Bitcoin Remains in Middle Phase of Bear Market, Says Woo
From a longer-term liquidity perspective, Woo said Bitcoin is solidly in the middle of its bear market. He noted that after rapid downward movements, Bitcoin typically trades sideways and stages a rally that tests resistance levels before determining the next direction.
Bitcoin has declined approximately 46.82% since reaching its October all-time high of $126,000. At the time of publication, the asset was trading at $67,012, according to CoinMarketCap data cited in the report. Over the past 30 days, Bitcoin has gained 3.74%.
Despite this recent monthly increase, Woo stated that the current level does not represent a confirmed market bottom. He indicated that further downside remains possible before a true cycle low forms.
Whale Selling and Retail Buying Highlight Diverging Flows
Market behavior among different investor groups also reflects mixed signals. Crypto sentiment platform Santiment reported that large holders, often referred to as whales, have been selling aggressively while retail investors have been buying below the $70,000 level.
Santiment stated that when retail participants buy while whales sell, it typically signals that a correction is not yet over. This divergence suggests that although smaller investors are stepping in at current price levels, larger holders may be reducing exposure.
Woo, however, also noted that investor flows have been in consistent recovery since the middle of February. He pointed out that Bitcoin failed to maintain levels in the mid-70,000 range after rising to $74,000 on Wednesday, but underlying flows have shown improvement during recent weeks.
For those monitoring liquidity and participation trends, this combination of recovering flows and distribution by larger holders presents a complex market structure.
Other Analysts and Data Providers Echo Bear Market View
Woo is not alone in characterizing the current environment as a bear market. Crypto analyst Benjamin Cowen recently described 2026 as a bear market year for Bitcoin and said new all-time highs are unlikely within that timeframe.
On-chain analytics firm CryptoQuant also stated that Bitcoin remains in a bear market despite the recent rally. This assessment aligns with Woo’s broader view that the market has not yet reached a definitive bottom.
In addition, the Crypto Fear and Greed Index, a widely used gauge of investor sentiment, has returned to extreme fear levels. The index had briefly recovered earlier in the week but subsequently fell back, indicating persistent caution among market participants.
For traders and long-term holders, sentiment indicators such as the Fear and Greed Index can influence short-term positioning and volatility, particularly when combined with large price swings.
Market Context for Crypto Users and Platform Participants
Bitcoin’s current position in what several analysts describe as a bear market has broader implications across the digital asset ecosystem.
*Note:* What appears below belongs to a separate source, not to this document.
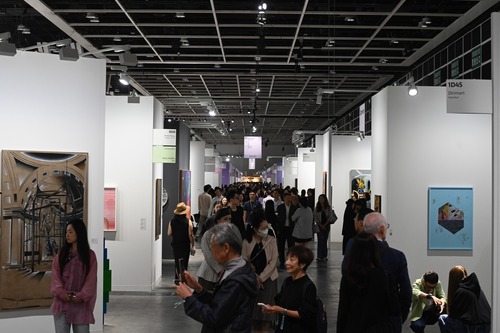 Save the date for Art Basel Hong Kong!🎨✨ Asia’s premier art fair returns to the Hong Kong Convention and Exhibition Centre next week (Mar 27-29) with new sectors and fresh curatorial perspectives. Featuring 240 galleries from 41 countries and territories, including 32 newcomers, the fair presents artworks by established artists and emerging talents from around the world.🖼️🌟    Highlights: • “Encounters” showcases 12 artworks of expansive sculptures and installations that draw on the Five Elements — space/ether, water, fire, wind and earth.  • “Echoes” is a brand new sector spotlighting works created within the past 5 years.  • “Zero 10” makes its Asia debut dedicated to art of the digital era.  • “Insights” features 20 projects focused on artists from Asia and the Asia-Pacific region.  • “Discoveries” is dedicated to solo presentations by emerging artists from 25 galleries.  • “Kabinett” stages thematic presentations with a total of 35 projects.  •	 Public programmes offer free public access to “Film”, “Conversations” and “Exchange Circle”.   Learn more: https://www.artbasel.com/hong-kong Photos: @artbasel   不容錯過！🎨✨亞洲頂級藝術大展 —— #巴塞爾藝術展香港展會 將於下周（3月27 - 29日） 在香港會議展覽中心舉行，以全新展區和嶄新的策展視角回歸。展會匯聚240間來自41個國家及地區的頂尖藝廊，包括32間首次參展，呈獻來自全球的藝術大師和新晉藝術家的作品。🖼️🌟  展會亮點：  • 「藝聚空間」由12 件大型雕塑和裝置組成，策展概念汲取「五大元素」—— 空、水、火、風、地。 • 「藝路迴聲」首度登場，聚焦藝術家近五年內創作的作品。 • 「Zero 10」為亞洲首展，專為數碼時代藝術而設。 • 「亞洲視野」展示20間藝廊，聚焦亞洲及亞太區的作品。 • 「藝術探新」由25間藝廊策展，展示新晉藝術家的作品。 • 「策展角落」藝廊內設置共 35項主題式個展。 • 「公眾項目」將向公眾免費開放，包括「光映現場」、「與巴塞爾藝術展對話」、「藝群匯集」。  了解更多：https://www.artbasel.com/hong-kong?lang=zh_CN 相片：Art Basel  #hongkong #brandhongkong #asiasworldcity #megaevents #megaHK #ArtMarchHK #ArtBaselHongKong #香港 #香港品牌 #亞洲國際都會 #盛事之都 #盛事香港 #香港藝術三月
Price volatility and liquidity conditions affect trading volumes, collateral values, and risk management strategies across exchanges and crypto-based platforms.
For users who rely on Bitcoin for payments, including within crypto betting or iGaming environments, price movements can influence deposit values and bankroll management. A market characterized by potential short-term rallies followed by renewed declines may lead to rapid changes in asset value over a limited timeframe.
At the same time, diverging behavior between retail investors and large holders adds another layer of uncertainty. If whale selling continues while smaller investors accumulate, price stability may remain limited in the near term.
Our Assessment
Based on statements from Willy Woo, CryptoQuant, Benjamin Cowen, and data referenced from Santiment and the Crypto Fear and Greed Index, Bitcoin is currently described by multiple analysts as being in the middle phase of a bear market. Although short-term rallies are possible, including what Woo characterizes as a potential bull trap, there is no confirmation that a cycle bottom has formed. Price levels remain significantly below the October all-time high, and sentiment indicators reflect elevated caution among investors.